● Action item
Every record, apart from its pictures, should be repeated exactly.

Short descriptive text snippets
● ● ● ● ● ● ●

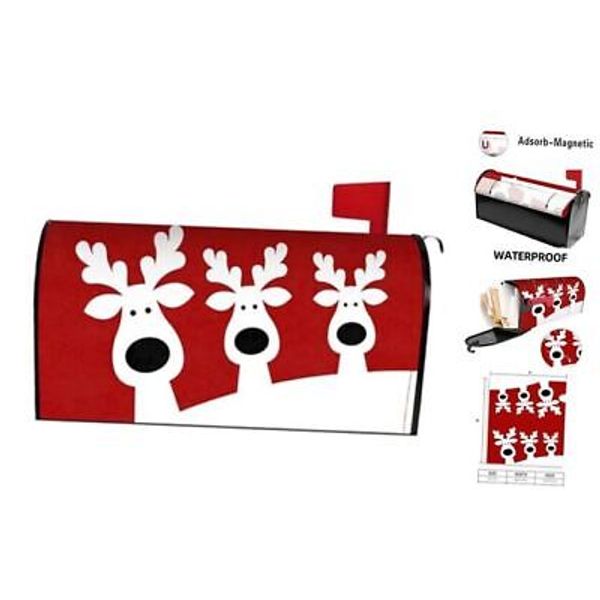 Merry Christmas Elk Mailbox Cover 25.5x21 inch Christmas Mailbox Cover-01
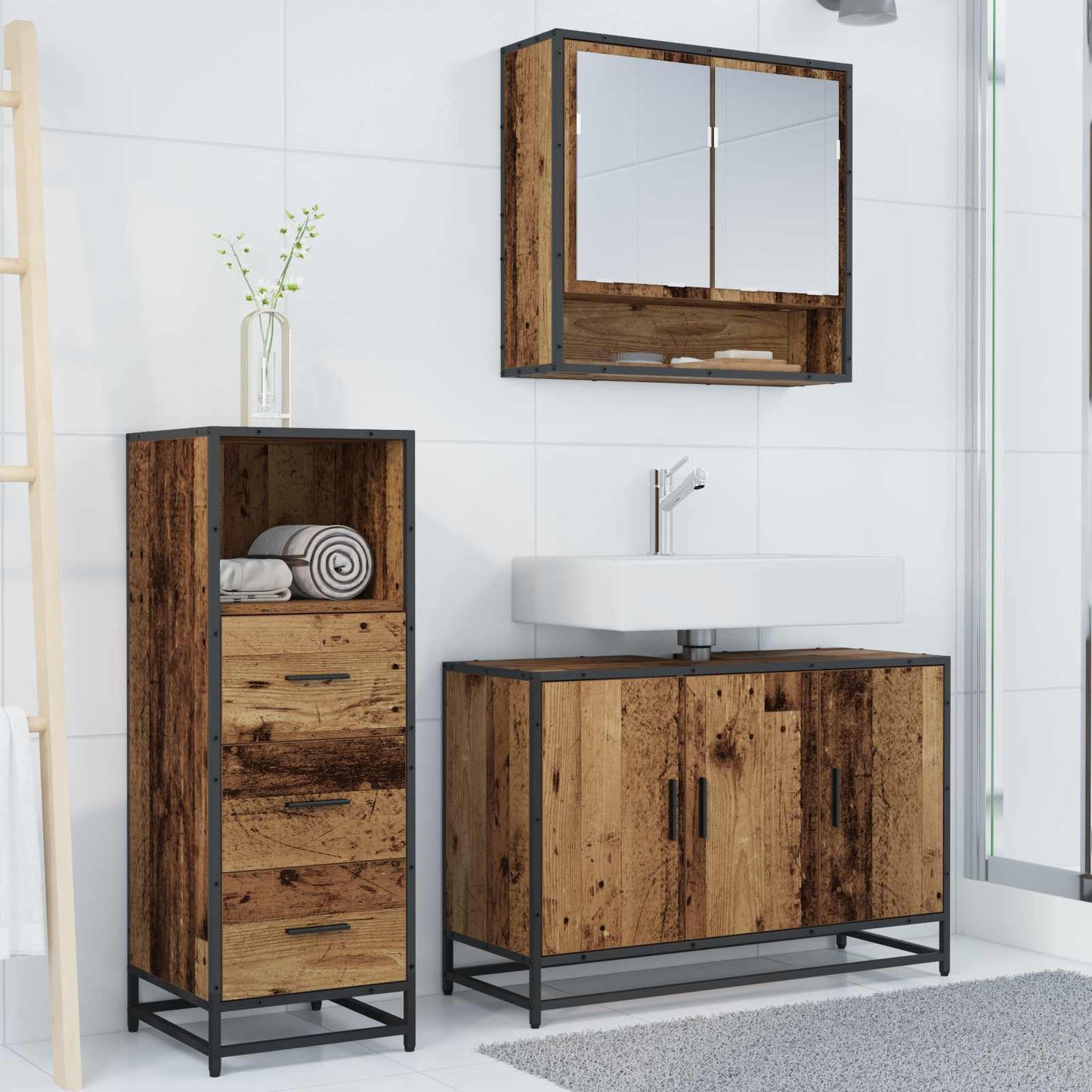 vidaXL Badezimmermöbel-Set mit Schubladen 3 pcs Altholz Holzwerkstoff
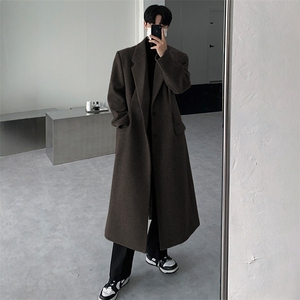 wassup happy垫肩毛呢大衣男士冬季潮流高级感中长款呢子风衣外套图片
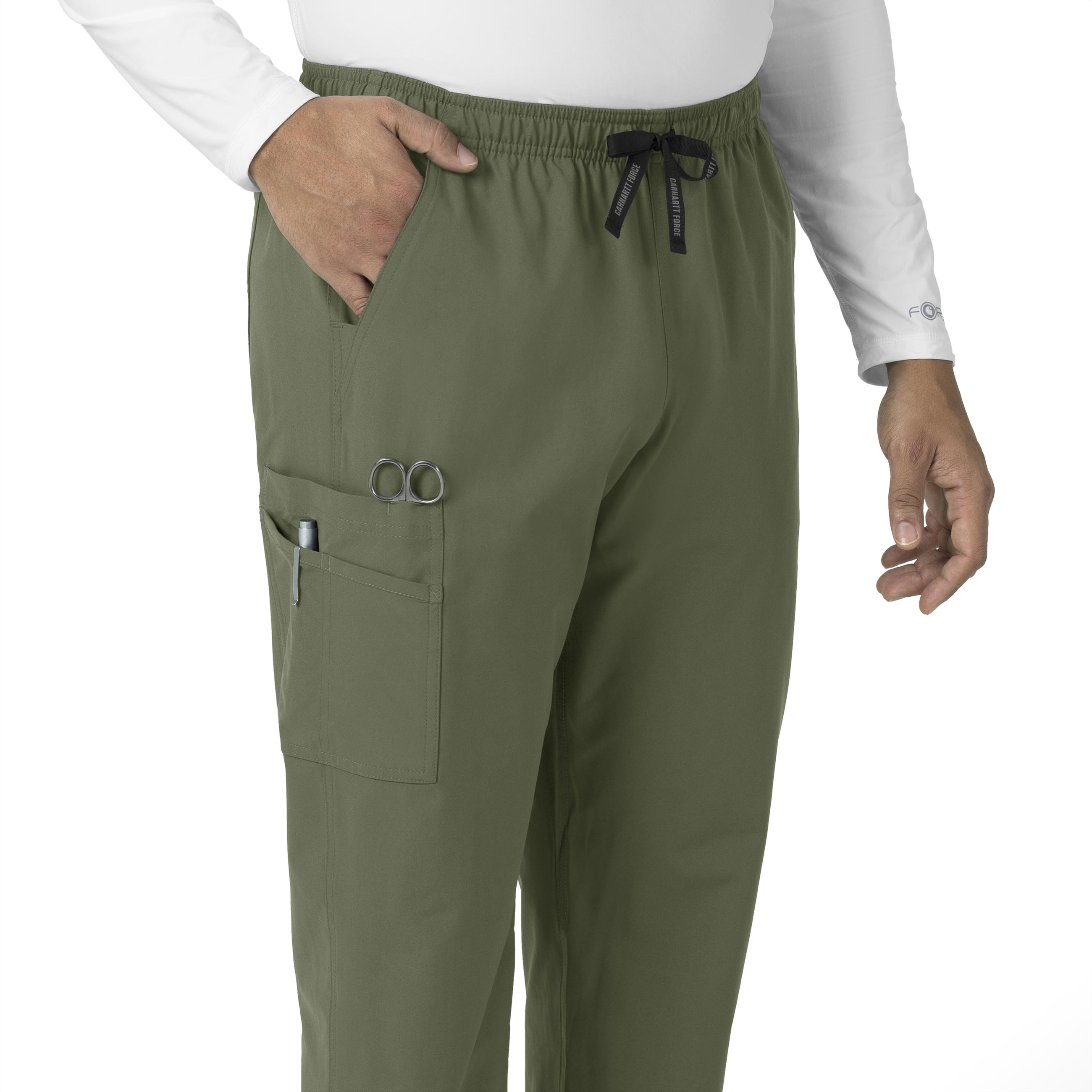 Force Essentials C55013 Unisex Elastic Waist Cargo Scrub Pants Olive
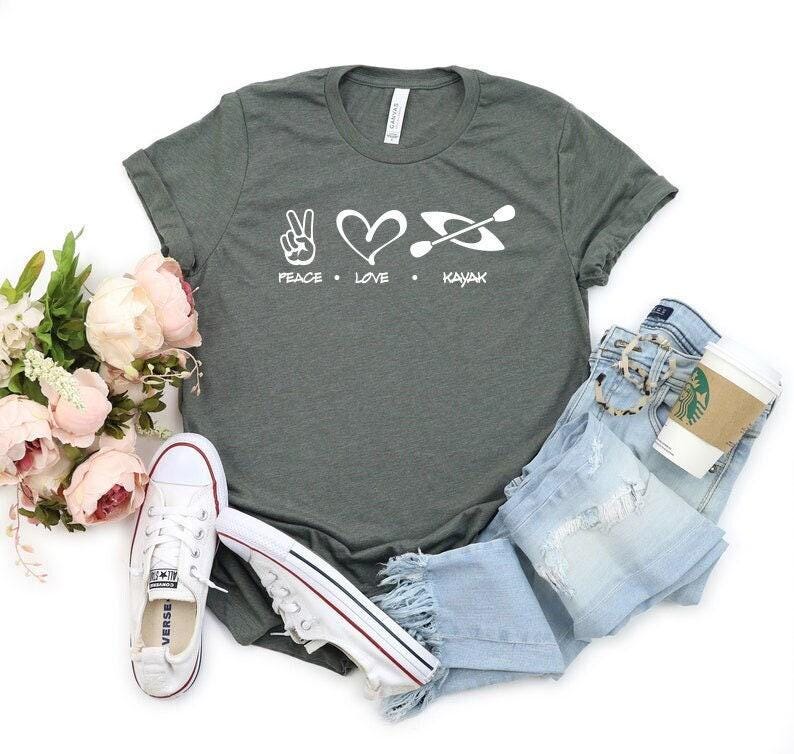 Peace Love Kayak Shirt, Kayaking Shirt, Kayak Lover Tees, Gifts for Kayak Lover, Sport Lover Shirt, Adventure T-Shirt, Shirt for Kayak Lover image 1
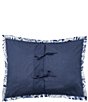 Color:Navy/White - Image 2 - Starla Chinoiserie Floral Print Kantha Stitch Standard Pillow Sham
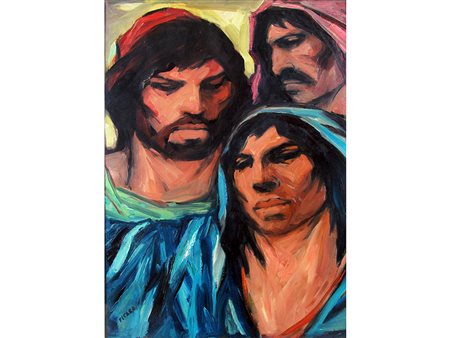 Franz Ficara (1926-1994) Senza titolo 70x50 cm Olio su tela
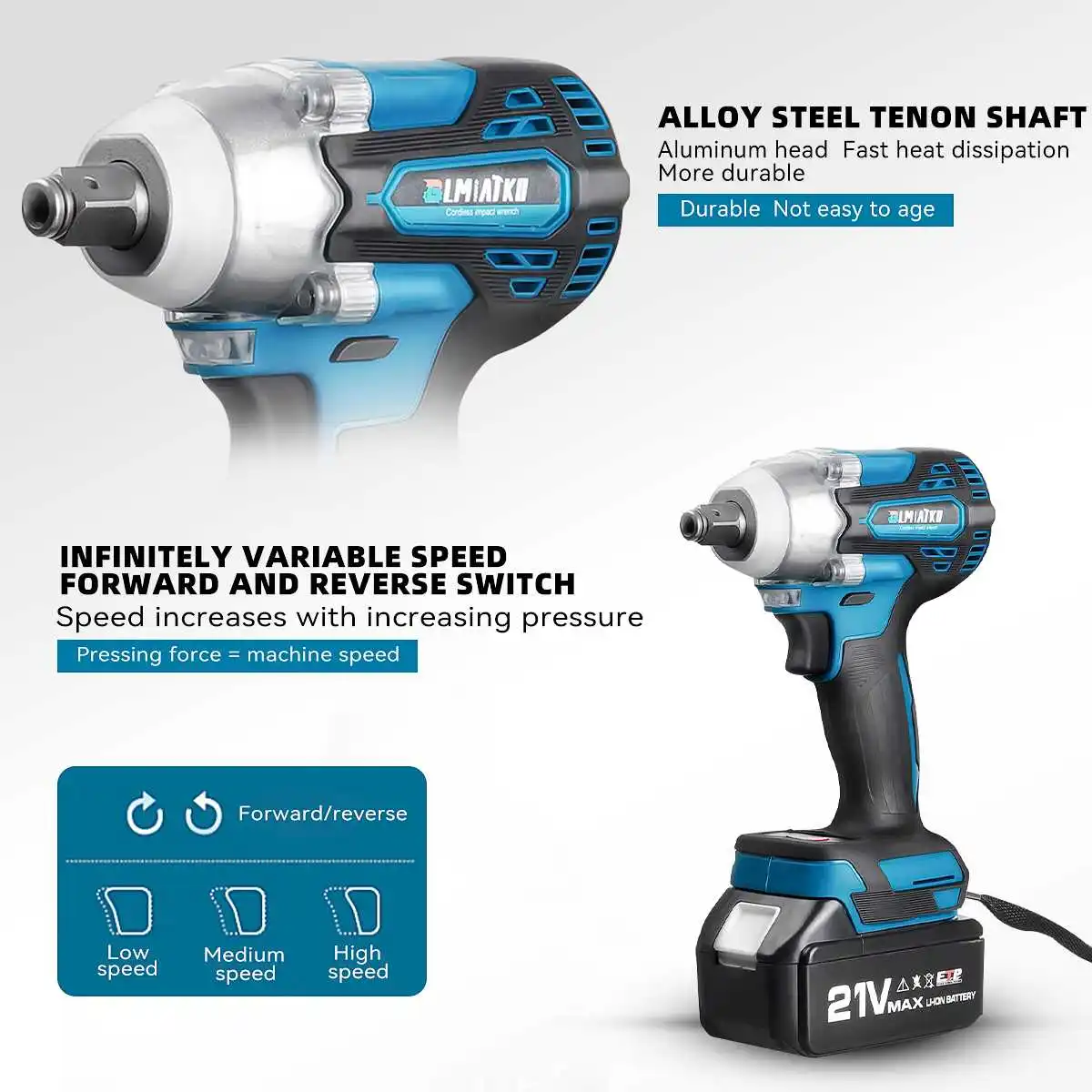 New 21V 588N.M Brushless Cordless Electric Impact Wrench 1/2 inch Power Tools 15000mAh Li Battery Compatible Makit 18V Battery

● ● ● ● ● ● ●

● Written solution
 Merry Christmas Elk Mailbox Cover 25.5x21 inch Christmas Mailbox Cover-01
 vidaXL Badezimmermöbel-Set mit Schubladen 3 pcs Altholz Holzwerkstoff
 wassup happy垫肩毛呢大衣男士冬季潮流高级感中长款呢子风衣外套图片
 Force Essentials C55013 Unisex Elastic Waist Cargo Scrub Pants Olive
 Peace Love Kayak Shirt, Kayaking Shirt, Kayak Lover Tees, Gifts for Kayak Lover, Sport Lover Shirt, Adventure T-Shirt, Shirt for Kayak Lover image 1
 Color:Navy/White - Image 2 - Starla Chinoiserie Floral Print Kantha Stitch Standard Pillow Sham
 Franz Ficara (1926-1994) Senza titolo 70x50 cm Olio su tela
 New 21V 588N.M Brushless Cordless Electric Impact Wrench 1/2 inch Power Tools 15000mAh Li Battery Compatible Makit 18V Battery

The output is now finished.